My wife said she’d like to see a variety of poi flavors presented at the next feast, served in such a way as to be a condiment for dipping meat, shrimp or vegetables in. Banana poi, passion fruit poi, savory poi… the possibilities are endless with this food. One of my work buddies, my local expert on all things Hawaiian, says he has to put sugar on his poi to make it palatable. Maybe it’s like grits: everyone has their own way of eating it.

Anyway, we’ll definitely be revisiting this little treat.

Next time: Ahi Poke!

5 Responses to Tiki Tuesday: Pork Lau Lau and Poi

  1. Since you’ve started this Tuesday food journey I have been reading your recipes and thinking, “I WANT. I WANT.” When are you coming to Chicago next? I’ll lend you my kitchen! This sounds so very good. I’m curious about the poi and look forward to see what you do with it next. I’m at work so I’ll go eat my very bland turkey sandwich, made even blander by reading about this delicious meal.

    (MD) Hmmmm…. maybe a luau road trip is in order. I’ll have to consult with my staff. And you bet I’ll be posting about the next time we do poi.

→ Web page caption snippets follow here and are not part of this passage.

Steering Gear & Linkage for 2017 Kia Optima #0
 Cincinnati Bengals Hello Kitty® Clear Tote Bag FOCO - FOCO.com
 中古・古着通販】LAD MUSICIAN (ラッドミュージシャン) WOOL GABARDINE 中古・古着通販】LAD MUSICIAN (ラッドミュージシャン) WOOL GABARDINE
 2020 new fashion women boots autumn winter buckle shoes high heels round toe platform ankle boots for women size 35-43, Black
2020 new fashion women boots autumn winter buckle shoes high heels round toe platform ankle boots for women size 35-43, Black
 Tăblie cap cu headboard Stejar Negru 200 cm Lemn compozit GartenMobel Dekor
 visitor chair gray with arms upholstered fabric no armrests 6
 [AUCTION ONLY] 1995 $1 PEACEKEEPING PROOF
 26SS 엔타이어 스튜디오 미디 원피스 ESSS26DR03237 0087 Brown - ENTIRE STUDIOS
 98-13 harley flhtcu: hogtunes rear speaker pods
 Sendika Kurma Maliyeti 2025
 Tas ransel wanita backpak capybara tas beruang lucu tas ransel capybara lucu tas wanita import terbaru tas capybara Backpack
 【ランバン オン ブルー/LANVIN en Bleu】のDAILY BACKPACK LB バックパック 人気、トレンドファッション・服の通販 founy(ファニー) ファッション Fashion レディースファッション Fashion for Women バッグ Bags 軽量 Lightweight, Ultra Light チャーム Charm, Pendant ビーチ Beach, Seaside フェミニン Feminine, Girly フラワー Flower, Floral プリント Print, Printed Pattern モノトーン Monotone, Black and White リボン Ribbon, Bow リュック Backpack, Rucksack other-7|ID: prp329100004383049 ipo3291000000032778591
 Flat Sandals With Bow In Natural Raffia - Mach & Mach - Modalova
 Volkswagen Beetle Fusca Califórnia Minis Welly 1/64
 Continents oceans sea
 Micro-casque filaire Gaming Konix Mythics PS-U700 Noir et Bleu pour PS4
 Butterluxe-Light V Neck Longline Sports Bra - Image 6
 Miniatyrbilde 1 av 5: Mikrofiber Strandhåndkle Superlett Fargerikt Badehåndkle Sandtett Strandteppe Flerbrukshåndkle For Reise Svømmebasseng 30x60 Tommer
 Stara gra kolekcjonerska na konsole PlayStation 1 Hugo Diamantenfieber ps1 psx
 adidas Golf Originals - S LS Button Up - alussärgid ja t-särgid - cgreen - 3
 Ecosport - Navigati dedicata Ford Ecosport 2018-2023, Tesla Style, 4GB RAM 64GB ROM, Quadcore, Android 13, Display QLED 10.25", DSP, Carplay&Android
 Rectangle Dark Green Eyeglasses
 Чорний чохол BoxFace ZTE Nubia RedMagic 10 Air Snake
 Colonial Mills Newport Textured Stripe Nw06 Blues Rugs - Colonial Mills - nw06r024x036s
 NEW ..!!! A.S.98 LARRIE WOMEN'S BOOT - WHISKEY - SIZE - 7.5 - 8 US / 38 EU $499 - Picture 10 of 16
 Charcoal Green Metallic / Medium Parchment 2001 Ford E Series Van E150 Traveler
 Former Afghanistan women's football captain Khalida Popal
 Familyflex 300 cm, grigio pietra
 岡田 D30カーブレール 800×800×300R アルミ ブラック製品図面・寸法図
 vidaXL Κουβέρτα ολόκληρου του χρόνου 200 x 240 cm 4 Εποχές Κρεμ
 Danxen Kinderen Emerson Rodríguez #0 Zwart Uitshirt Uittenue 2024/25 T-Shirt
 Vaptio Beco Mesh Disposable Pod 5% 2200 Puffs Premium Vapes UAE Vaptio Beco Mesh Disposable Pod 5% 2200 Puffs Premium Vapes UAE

  2. If I hadn’t just broken down eight pork shoulders to make a big batch of sausage I would so try making this for dinner this week. The lau lau sounds very good.

    (MD) It’s really simple. I made it harder than it was. And you can use spinach leaves instead of taro.

  3. At first I was alarmed at the use of Passion Fruit juice thinking it was the beloved
    margarita elixir, aka- Prickly pear but reason kicked in and I am relieved.

    Perhaps those leaves that are so stringy can floss teeth whilst one is chewing on them.

    How many pans were involved in this recipe? I want to know what I am in for when I come to visit.
    – The beloved and beleaguered mother and grandmother.

    (MD) Never fear, mother. There’s plenty of both to go around. And the prickly pear comes from the wrong part of the world to ever be involved in the Tiki Tuesday recipes. As far the pots and pans, it depends… but it’s usually a lot.

  4. Sounds great. In my house we believe in the Emeril mantra of “pork fat rules.” I think that pork in the oven is a very easy way to have a great dish if you don’t over cook it. So wrapping it up and seasoning it right has to be a winning plan.

    (MD) You can hardly ever go wrong with the “low and slow” method. Particularly when it comes to well-seasoned pork. It’s just plain good.

  5. michaelsownmom

    Looking forward to the Ahi Poke this weekend. I will have to poke you in the side as you make this dish. Just warning you. :) I love food too much.

    (Hubby) I was pretty sure you were going to do that. It’s one of the many things that make you adorable.